Don’t blame me for ferry debacle – Grayling
11 Feb 2019
Transport secretary and Epsom MP Chris ‘Failing’ Grayling has yet again swerved demands for his resignation, writes Ian Strutt.
Labour called for his head in the Commons this afternoon, but Failing Grayling resorted to his usual response: ‘It wasn’t my fault.’
So, who was at fault in signing a contract for an emergency no-deal Brexit ferry service with a new company which had no ferries?
Failing Grayling immediately spread the blame. The decision, he told the Commons, had been made by the Department for Transport jointly with the Treasury.
He described that everything was going swimmingly until the Irish company, which was financially backing the new English company he had signed the contract with, had suddenly pulled out.
Failing Grayling admits that he had signed a contract with a new company which (1) had no track record of providing services and (2) at no point had any control of its own future.

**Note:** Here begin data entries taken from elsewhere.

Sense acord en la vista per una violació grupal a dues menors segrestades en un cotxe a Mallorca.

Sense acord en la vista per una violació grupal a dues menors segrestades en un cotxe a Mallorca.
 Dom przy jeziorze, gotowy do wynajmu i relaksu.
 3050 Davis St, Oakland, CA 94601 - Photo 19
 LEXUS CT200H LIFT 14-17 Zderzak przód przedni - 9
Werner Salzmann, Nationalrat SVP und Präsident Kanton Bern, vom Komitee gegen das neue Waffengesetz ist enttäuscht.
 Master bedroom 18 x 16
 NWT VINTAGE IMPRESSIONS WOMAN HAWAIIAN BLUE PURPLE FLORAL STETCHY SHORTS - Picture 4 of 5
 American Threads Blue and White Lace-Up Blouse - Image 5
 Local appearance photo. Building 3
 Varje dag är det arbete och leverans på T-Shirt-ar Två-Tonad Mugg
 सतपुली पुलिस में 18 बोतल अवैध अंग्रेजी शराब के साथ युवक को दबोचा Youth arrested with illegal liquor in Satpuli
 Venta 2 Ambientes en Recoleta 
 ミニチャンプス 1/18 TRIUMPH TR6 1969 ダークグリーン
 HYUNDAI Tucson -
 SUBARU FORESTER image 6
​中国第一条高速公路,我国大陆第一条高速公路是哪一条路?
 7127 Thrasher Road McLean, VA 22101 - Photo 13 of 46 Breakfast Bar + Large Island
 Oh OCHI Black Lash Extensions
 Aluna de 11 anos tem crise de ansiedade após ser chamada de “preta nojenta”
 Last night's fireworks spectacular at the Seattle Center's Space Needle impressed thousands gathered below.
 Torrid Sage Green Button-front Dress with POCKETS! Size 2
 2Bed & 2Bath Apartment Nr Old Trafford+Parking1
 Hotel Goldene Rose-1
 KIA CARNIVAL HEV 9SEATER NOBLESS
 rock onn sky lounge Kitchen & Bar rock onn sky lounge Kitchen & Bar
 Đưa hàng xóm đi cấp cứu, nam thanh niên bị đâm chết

He explained to MPs in the Commons that two ships had been identified for the English shipping company to buy. However, purchasing ships is not like buying a lorry and popping around the corner to get an MoT.
I used to write a monthly newspaper column about ship sale and purchase. Seldom was buying or selling a ship a straightforward process.
Buying another company’s ships usually means that they need substantial modifications for their new roles. Often, secondhand ships need bringing up to ‘class’ (ensuring they meet set safety and mechanical standards for their roles).
Invariably, this would require the ships to be dry docked and overhauled, all of which takes time we have not got before May’s no deal Brexit deadline.
These ships were needed to bring in emergency supplies. Failing Grayling even told the Commons that these supplies included urgent medical supplies for the NHS.
So, here we have a transport secretary who has totally misjudged the difficulties of buying and operating ferries. He simply does not have a clue about transport. Yet, he told the Commons that he is ‘going nowhere,’ as they say in footballing circles.